Most probably, while copying of data from Oracle to Postgres, oracle_fdw or oracle driver it used skipped character 0x00. So, your data in PostgreSQL is clean in the aspect of character 0x00.
 
The question is what is the source of the errors. Answer is that the application itself is the source of the errors. Your application sends invalid UTF-8 strings to database. Also the application is responsible to invalid UTF-8 strings stored in Oracle database. You should check and fix your application.  
Best regards.
Samed YILDIRIM
 
08.08.2020, 12:59, "Hotmail" <crajac66@hotmail.com>:
Hi All, 

We migrated data from Oracle to postgres using oracle_fdw without seeing any invalid byte sequence for encoding "UTF8": 0x00 errors. The data transfer from Oracle to Postgres using oracle_fdw completed successfully without any errors.

After we started our application using Postgres as the new data source we are consistently seeing "invalid byte sequence for encoding "UTF8": 0x00 errors" once or twice a minute on a basic select statement like this:

Select * from <table> where <col1>=‘foo’ and <col2>=‘foo2’;

Not all queries fail just some. We can select * from the table in question from psql without any invalid byte sequence errors (A problem with the jdbc client maybe?)

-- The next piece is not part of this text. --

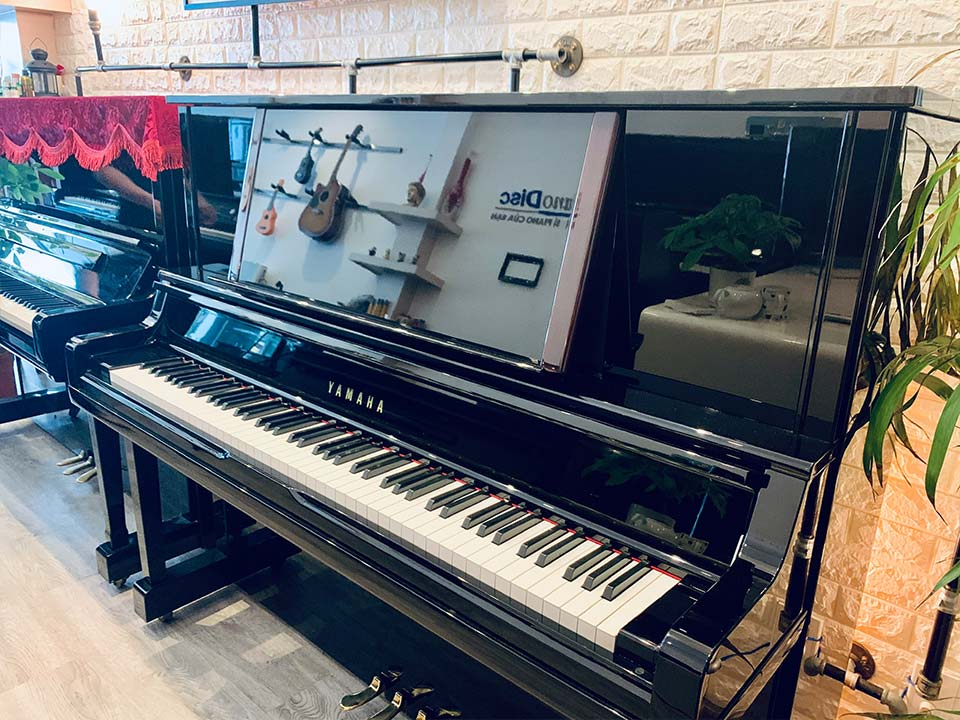 Hình ảnh chi tiết YAMAHA YU5 SXG (Auto Play + Silent) góc chụp 2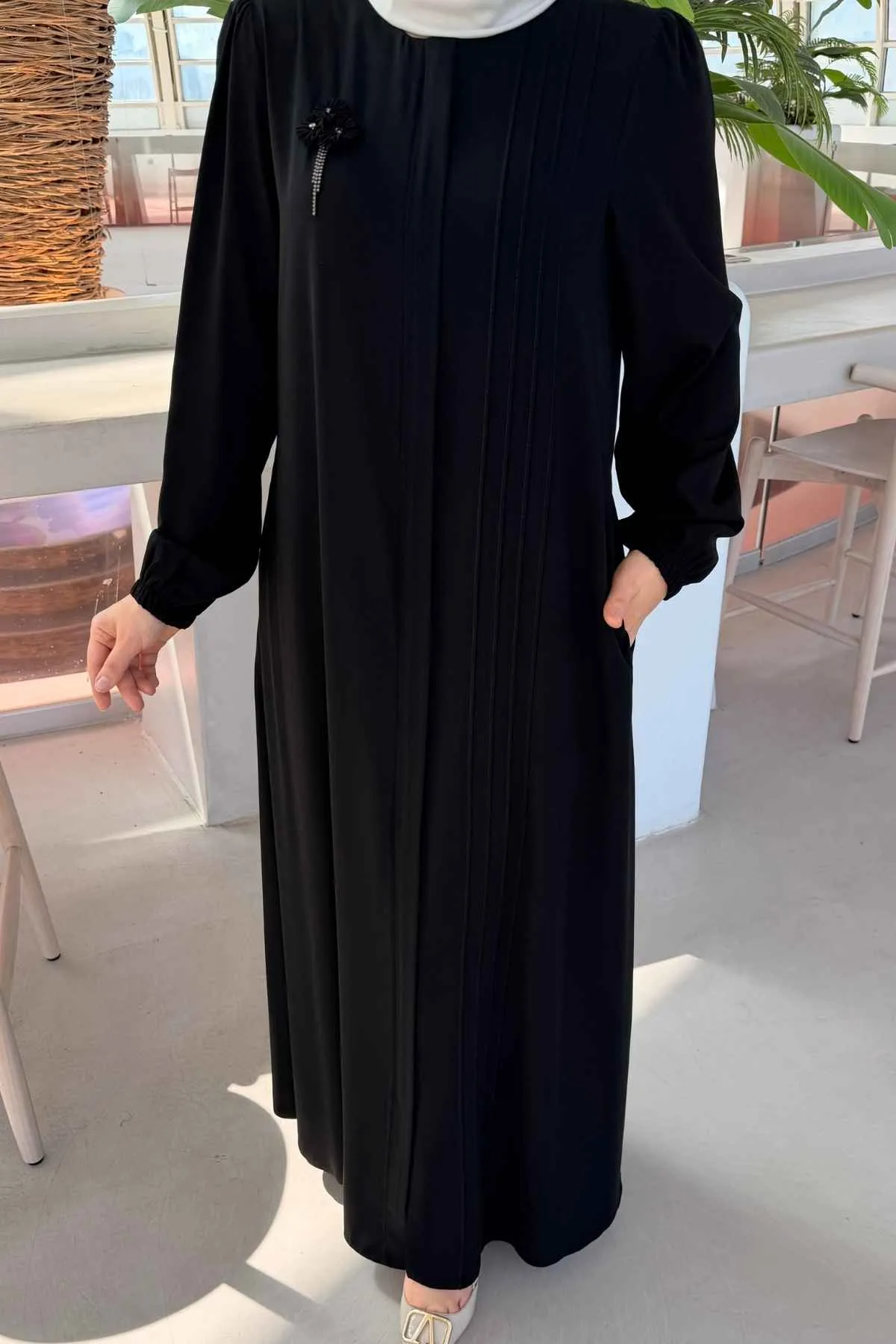 Rabia Göğüs Çiçek Broşlu Nervürlü Ferace 736 -Siyah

We went back to the source Oracle database and re-ran queries to try to find any invalid byte sequences and we could not find any. Again the data was copied with oracle_fdw with no errors. 

We would like to know if there are any queries we can run on the postgres table generating this error to identify the source of the invalid byte sequence errors. The query we used in the Oracle db to identify invalid byte sequences does not translate directly because it uses the instr oracle function. Here’s the oracle query:

select count(*) from <table_name> where instr(<table_cole>, unistr('\0000')) > 0;

Is there an equivalent query we could run in Postgres?